Harris-Moore said he had made about $1,600 before he shut down the fundraiser, and announced in a tweet that his “dream has been crushed.”

Most of his court-ordered restitution has been paid. In exchange for rights to his story, a Hollywood movie studio coughed up more than $1 million in restitution for Harris-Moore. The money mostly paid for the planes he wrecked.

Both John Miller and Scott Lancaster were victims of Harris-Moore’s crimes.

Harris-Moore burglarized Lancaster’s Ace Hardware store on Orcas Island.

“There’s just so much of the innocence here he took away. Nickels on the dollar won’t replace that,” Lancaster said in an interview before the fundraiser was ended. “It does not make me happy he’s trying to scam another $125,000 out of everybody to get flight school.

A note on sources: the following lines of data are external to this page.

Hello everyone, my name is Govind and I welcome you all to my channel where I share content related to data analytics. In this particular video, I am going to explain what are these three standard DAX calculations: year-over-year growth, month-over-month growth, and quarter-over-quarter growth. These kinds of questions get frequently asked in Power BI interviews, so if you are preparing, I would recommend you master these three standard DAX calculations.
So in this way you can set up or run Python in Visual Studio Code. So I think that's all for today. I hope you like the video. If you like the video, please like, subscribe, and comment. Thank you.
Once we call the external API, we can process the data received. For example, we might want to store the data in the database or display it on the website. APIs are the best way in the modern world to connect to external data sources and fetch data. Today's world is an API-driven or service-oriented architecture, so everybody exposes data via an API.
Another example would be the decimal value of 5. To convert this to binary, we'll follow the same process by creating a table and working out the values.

He ought to work.”

Miller, along with his brother, owned the Cessna Harris-Moore crashed in the Bahamas. Miller has since struck up a friendship with the young man, visiting him in jail and talking on the phone about 12 times since Harris-Moore was released from prison this summer.

“You know his story, you know about his upbringing. He’s had a bad hand dealt to him … He made a mistake, he served his time and he deserves a second chance,” Miller said. “It’s just an airplane — what the hell, they make ’em all the time.”

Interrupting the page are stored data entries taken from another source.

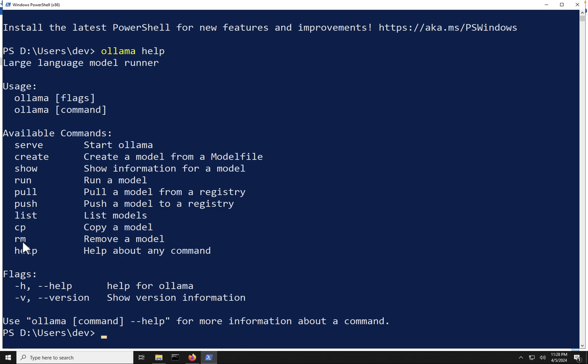But you may be wondering, how do I go about pulling down the models down into Ollama so I can run them on my local PC here. So that's what we're going to do next. We're going to jump back over into the browser, and I'm going to briefly show you how you can go about finding the different models that are available to you.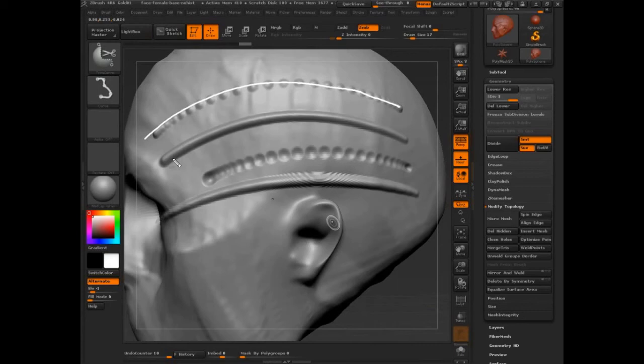Also remember ZBrush is having to do all of this stuff at 60 frames a second or thereabouts, so it's a lot for your computer to handle with millions of polygons in there.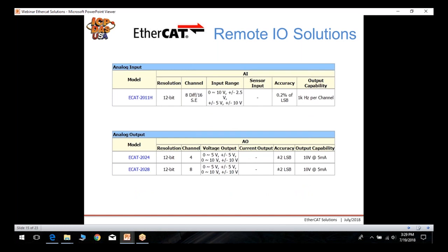For our analog modules, we only have a few at this moment but are coming out with more very shortly. Our current selection includes the ECAT 2011H, which accepts both analog input types of voltage at 12-bit resolution. For analog output types, we have two different modules — one with four channels and one with eight channels.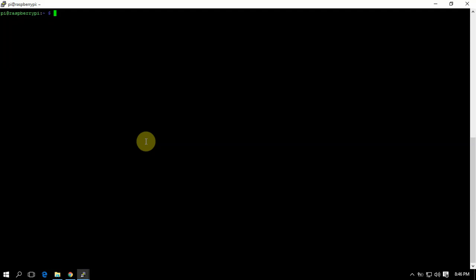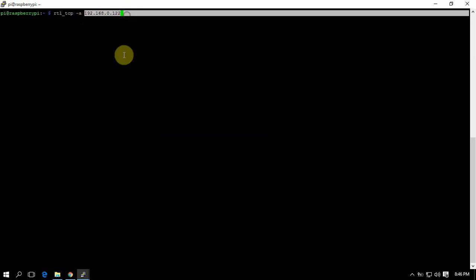Alright, FuzzPiGuy here. I'm going to show you how I start my RTL SDR server to use with either SDR sharp or HD SDR software. So I'm logged into the pi that's running the server right now. I have it hooked up to an antenna outside.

When Miller visited Harris-Moore in prison, the two talked about flying, he said.

“He’s a smart kid — very impressive. I think he’ll make a good pilot … He knows more about it than I do,” Miller said. “Heck, he’s already done a solo flight,” noting that is a requirement toward a pilot’s license.

Miller said he was willing to donate to help pay for Harris-Moore’s flight school.

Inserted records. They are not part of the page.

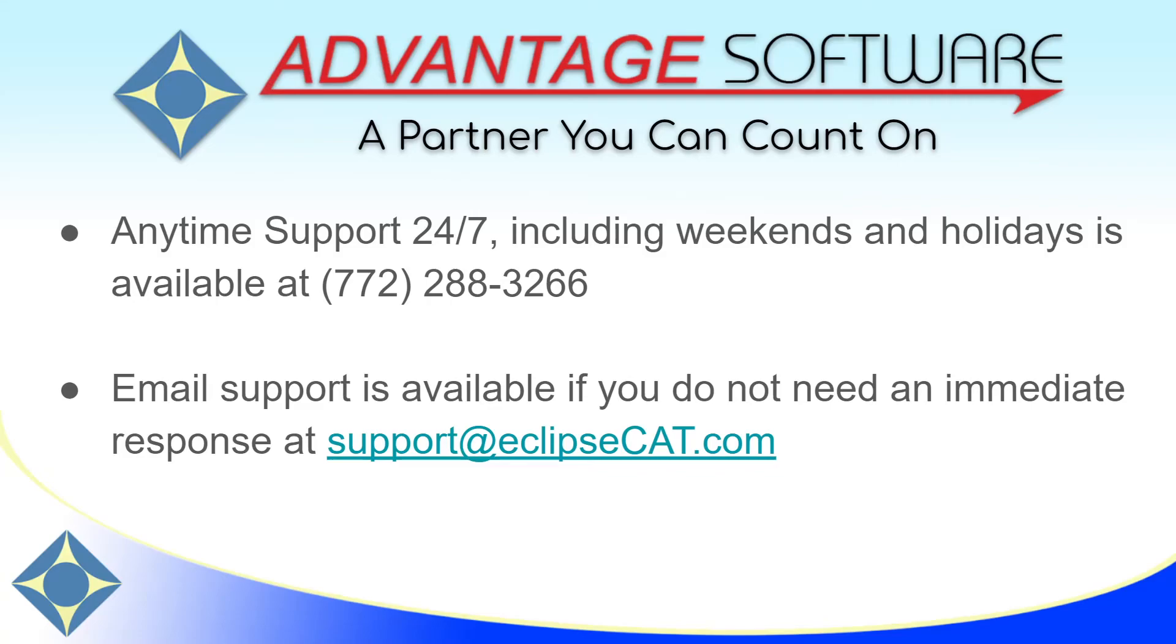Thank you so much for watching this video. As always, Advantage Software offers anytime support 24-7. Tech support is available to answer any question anytime, including weekends and holidays, at 772-288-3266. Email support is also available at support at eclipsecat.com.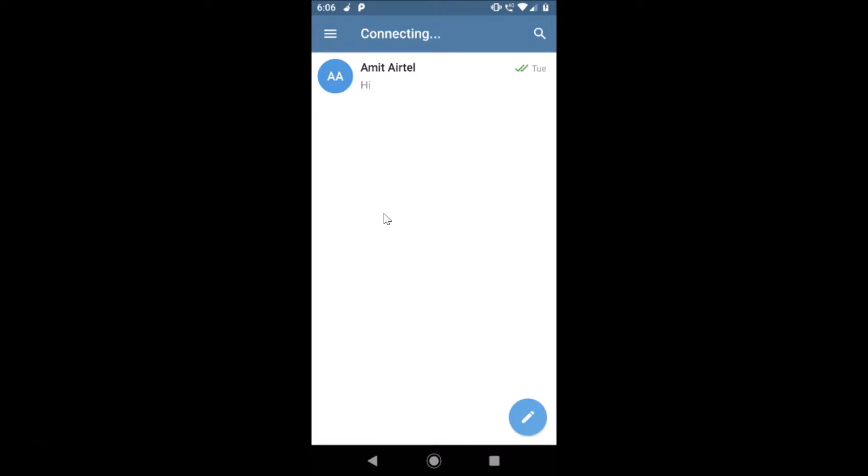What you need to do is just open your Telegram app and log into your account. I'm already logged in. After that, just tap on these three bars at the top left.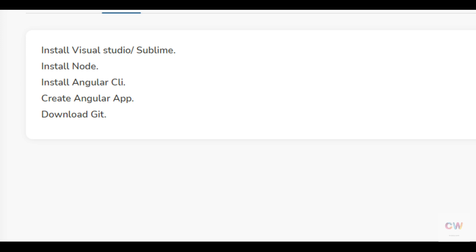Hello everyone, welcome to Coding Wall. Today I will show you how to set up an Angular application and what software is required to run it. I will also show how to create an Angular application on your laptop. Starting with the editor, I recommend Visual Studio Code. We can also use Sublime Text, but VS Code has a large user base and offers extensions and an integrated command prompt.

Since leaving prison, Harris-Moore has been working part-time for his high-profile Seattle attorney, John Henry Browne.

Browne said Harris-Moore did not consult him about posting to GoFundMe.

“I have nothing to do with it, and would you put that in caps, please,” Browne said Tuesday.

Harris-Moore said his office job with Browne’s firm is meant to be temporary and leaves him with very little to save for flight school or for repaying victims.

“GoFundMe is really my only realistic option,” Harris-Moore said. “It’s ironic. If I earned these (pilot) licenses and certifications or endorsements and ratings, it would qualify me to work for a charter company.

“I would have an outstanding job … that would enable me to pay my restitution decades before I otherwise would be,” Harris-Moore said.

But Smith said flight school is out of the question until Harris-Moore fulfills his legal obligation of restitution.

“I know he has this belief that if he pursues this education he can earn more money … We can discuss that, and discuss where that might go, but not until the victims are paid in full,” she said.

Harris-Moore said he planned to challenge the probation office in court.

“It’s either this or you sit around for a couple decades as I make pennies toward these payments,” he said. “This isn’t a whimsical thing I want to do on the weekend for personal pleasure. This is my career.”

Harris-Moore said the deal with 20th Century Fox to sell his story shows that he is serious about restitution.

“It’s selling my soul to the devil. I never wanted the movie. I currently don’t want the movie,” he said. “I don’t get anything out of that deal. There’s the possibility 20th Century Fox is going to take my life and turn it more into a myth than it already is.”

He said he has always had a fascination with airplanes.

“When I look at an airplane, I can literally feel the endorphins firing in my brain,” he said. “This is 100 percent a career focus.”

Luke Lysen, who owns The Flight Academy, a pilot instruction company, said he spoke with Harris-Moore about his plans recently and believes he is genuine.

“He was educated enough to research what it takes. He was asking about the length of time, the lesson and the costs,” Lysen said. “He certainly strikes me as an apt pupil.”

Harris-Moore said life after prison has been lonely. He is planning to move from his halfway house soon.

“Everything professionally and personally is going slower than the speed I want to move at,” he said.

Harris-Moore said he’d go to great lengths to realize his lofty dream.

“I have the email address of Kellyanne Conway,” he said, referring to President-elect Donald Trump’s campaign manager.

“If it comes to this, I’ll get this taken care of from the top down.”